I think in your StableDiffusion example, a lot more than $600k will have been spend on electricity alone for inference (on those personal computers you mention). So inference is more expensive then training.
For equal capability tokens, there has been about a 10x drop in cost every 6 months.
We are still chasing the best because the best is moving rapidly, but it’s a simple thought experiment to work out what the cost to serve an 8B model from 2 years ago is in a world of 2T models.
Note: parameter counts are illustrative. Concretely, qwen3.6 27B delivers opus 4.5 capability at 1/27th the cost on openrouter. Single chip llama3 8b performance can exceed 17k tokens/sec.
8B models would be consider obsolete in the world of 2T models, at least if we're talking about the competitiveness of OpenAI/Anthropic. The only reason why they are valued so highly is their supposed dominance at the top end.

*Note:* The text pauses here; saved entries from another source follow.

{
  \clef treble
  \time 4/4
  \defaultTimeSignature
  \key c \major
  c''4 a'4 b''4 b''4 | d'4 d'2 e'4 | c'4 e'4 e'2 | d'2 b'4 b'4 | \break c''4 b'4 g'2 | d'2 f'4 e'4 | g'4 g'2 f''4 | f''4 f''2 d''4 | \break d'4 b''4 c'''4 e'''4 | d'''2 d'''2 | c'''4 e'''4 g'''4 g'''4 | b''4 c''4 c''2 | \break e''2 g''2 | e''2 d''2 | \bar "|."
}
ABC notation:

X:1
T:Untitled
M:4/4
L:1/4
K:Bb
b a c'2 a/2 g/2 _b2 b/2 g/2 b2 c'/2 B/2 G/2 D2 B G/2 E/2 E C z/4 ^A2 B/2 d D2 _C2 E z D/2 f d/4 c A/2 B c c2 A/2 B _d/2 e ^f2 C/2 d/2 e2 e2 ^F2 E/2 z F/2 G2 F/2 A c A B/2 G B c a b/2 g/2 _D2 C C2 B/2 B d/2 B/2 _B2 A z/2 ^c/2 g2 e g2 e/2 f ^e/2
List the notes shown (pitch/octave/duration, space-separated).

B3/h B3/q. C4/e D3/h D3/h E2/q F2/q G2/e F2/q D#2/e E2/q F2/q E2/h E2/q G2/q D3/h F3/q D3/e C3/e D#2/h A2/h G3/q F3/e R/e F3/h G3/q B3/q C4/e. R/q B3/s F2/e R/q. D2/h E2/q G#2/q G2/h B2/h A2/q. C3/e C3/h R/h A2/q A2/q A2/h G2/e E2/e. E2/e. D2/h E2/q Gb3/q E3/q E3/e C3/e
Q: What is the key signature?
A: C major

The main story of agent use cases is in enterprise so far. An enterprise will only pay for a model capable of handling the task and no more. Most enterprise's see no need to hire PhDs as factory line workers.
Coding is an interesting case as [1] the pace of progress has been absurd and [2] it's hard to put an upper bound on required capability. However hard to put a bound on and will are different, it's quite possible that the average engineer will cease to see the benefit of rapid progress - or that their employer will be satisfied with lower tier models.
How smart of a model do you need to build a high quality CRUD app for internal users? Or build a scalable web service?
yes, which is why the revenue growth story is not looking so great for Anthropic/OpenAI, when open-source alternatives are not far behind with much lower costs.
> For equal capability tokens, there has been about a 10x drop in cost every 6 months
Is this still happening? Opus 4.5 was six months ago, can you get its capabilities for 1/10 cost now? Are we on track to get the same for 4.6 in a couple months?
> If AI labs saw a lot of potential there, they'd surely be bragging about it non-stop?
Google seems to pretty regularly post about how their TPU and algorithm advancements have been decreasing energy costs for both inference and training.
Yes I know there's no evidence and this is lazy reasoning. But there's probably a bit of truth to this line of thought.